At AgRhythm, we believe farm record-keeping should be simple, flexible, and useful from day one. That's why we've built AgRiver.
A Digital Farm Journal, Not Just Another App
AgRiver is designed as a digital farm journal. The idea is deliberately simple: make it easy to capture what's happening on the farm, in whatever form makes sense at the time.
That might be a quick note. A photo. A short video. A voice memo. A paddock observation. A stock movement. A weather-related note. A task or event. The goal isn't to force structure too early - it's to capture information while it's fresh and meaningful.
The best time to record something is right when it happens. The best format is whatever the farmer has to hand. AgRiver is built around that reality.
We've also built Barry - a conversational farm guide available at barry.agrhythm.nz - as a natural way to interact with this record. Instead of filling out forms, you can simply talk to Barry about what's happening on the farm. He asks helpful questions, remembers the details, and builds the record through conversation. Record-keeping that feels like a yarn, not admin.
Building a Farm Data Moat
There's a concept in technology called a "data moat" - a body of information that becomes increasingly valuable over time. On a farm, this might look like seasonal pasture observations, infrastructure changes, stock performance notes, weather impacts, management decisions, and their outcomes tracked over months and years.
Individually, each entry may be small. But together, they create context. And context is where real insight begins to emerge.
This is where AgRiver becomes more than a digital notebook. Every note, photo, and observation adds to a growing picture of the farm - one that becomes richer and more useful with each season. In New Zealand pastoral farming, where so much depends on understanding how pasture, stock, and weather interact across specific paddocks over time, this kind of accumulated knowledge is genuinely powerful.
The most valuable farm data isn't what's recorded once - it's what's recorded consistently, over time, and connected together.
AI-Powered Farm Insights
As the record grows, AgRiver uses large language models to help make sense of the data. This allows the platform to summarise recent activity, highlight patterns over time, connect related events, surface useful observations, and assist with planning and decision-making.

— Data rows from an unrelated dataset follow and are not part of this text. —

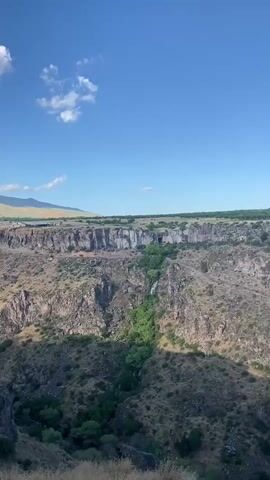 The media file is a landscape video showcasing a canyon with a waterfall in Ohanavan, Armenia. The scene is a natural, rugged environment dominated by steep, rocky cliffs and lush green vegetation. The waterfall is a prominent feature, cascading down the cliff face into the canyon below. The top of the canyon is a plateau with sparse trees and a clear blue sky with a few wispy clouds. The time of day appears to be daytime, likely late morning or early afternoon, given the bright sunlight casting shadows on the canyon walls. The weather seems pleasant and sunny. There are no visible people or man-made objects, emphasizing the natural beauty of the location. The overall mood is serene and majestic, highlighting the grandeur of the natural landscape. There is no visible text within the media file.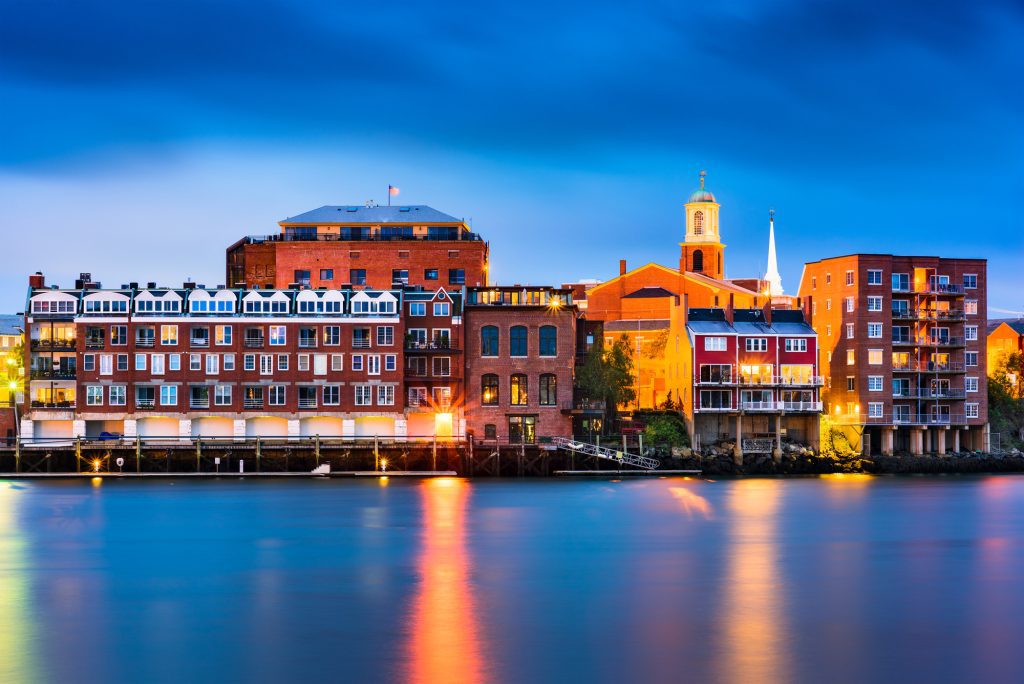 Portsmouth's harbor at night, brick. buildings lit up with light, the sky dark blue.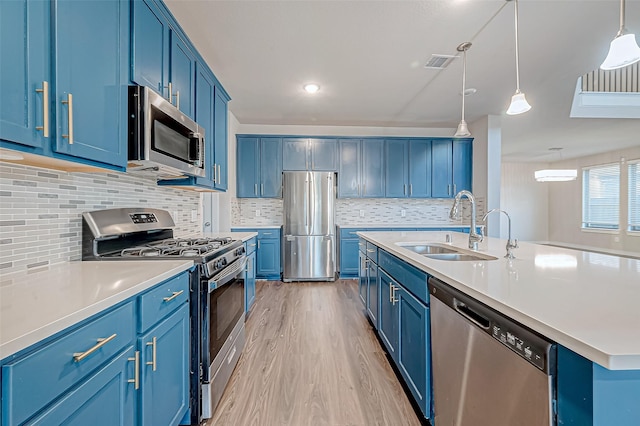 kitchen featuring hanging light fixtures, sink, blue cabinetry, and appliances with stainless steel finishes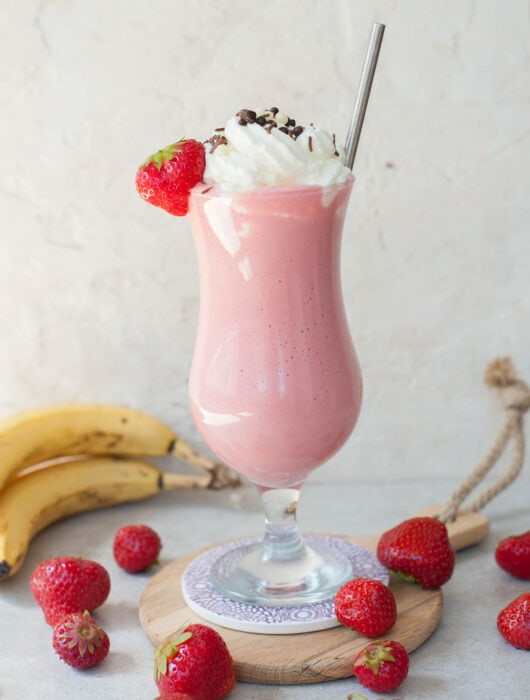 strawberry banana milkshake in a high glass with whipped cream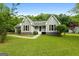 Charming single-story home featuring a well-maintained lawn, complemented by mature trees and classic shutters at 106 June Ct, Hampton, GA 30228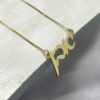 24K gold plated Hebrew name necklace on a stone surface, close up
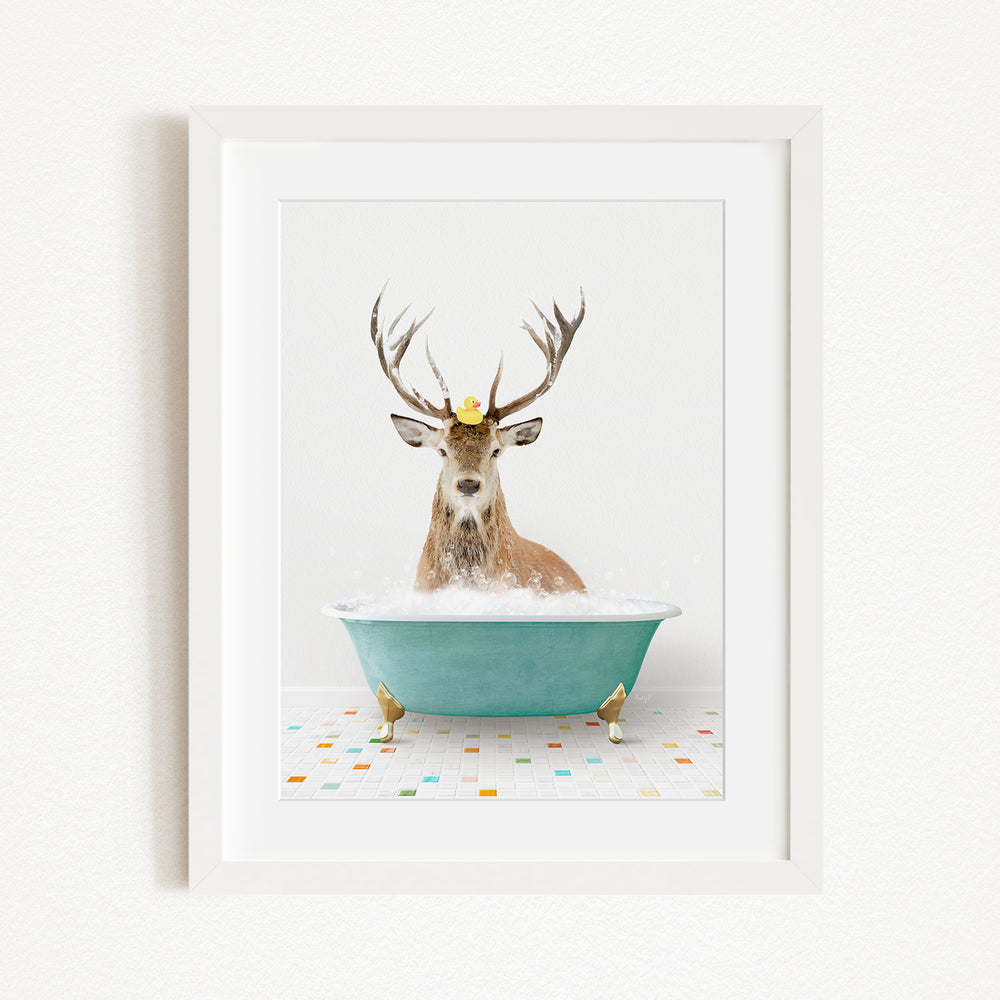 A deer with antlers is sitting in a green bathtub filled with bubbles, with a yellow rubber duck perched on its head.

Instead of just storing information, the platform starts working alongside the farmer. For example:
- "Over the past three seasons, this paddock has dried out earlier than the rest of the block - worth considering for earlier grazing rotation."
- "Water trough issues were recorded three times in the back block last summer - might be worth a permanent fix before next season."
- "Stock performance improved after the management changes you recorded in early spring."
These are the kinds of insights that are nearly impossible to track manually across a busy season, but powerful when surfaced at the right time. The goal isn't to replace decision-making - it's to make the farmer's own observations work harder for them.
Designed to Be Flexible
AgRiver isn't limited to one type of data. It can incorporate farmer-entered notes, photos and videos, drone imagery, sensor integrations, and connections to existing farm management systems. This flexibility matters because every farm operates differently and every farmer records information differently.
Under the hood, AgRiver is built on our geo-temporal data platform - meaning every piece of information is tied to a location and a point in time. A note about a paddock isn't just a note - it's connected to that paddock's history, its drone imagery, its pasture data, and everything else recorded there. This spatial and temporal context is what allows the AI to surface insights that a flat list of notes never could.
AgRiver adapts to how the farmer already works, rather than forcing a rigid workflow. The technology should fit the farm - not the other way around.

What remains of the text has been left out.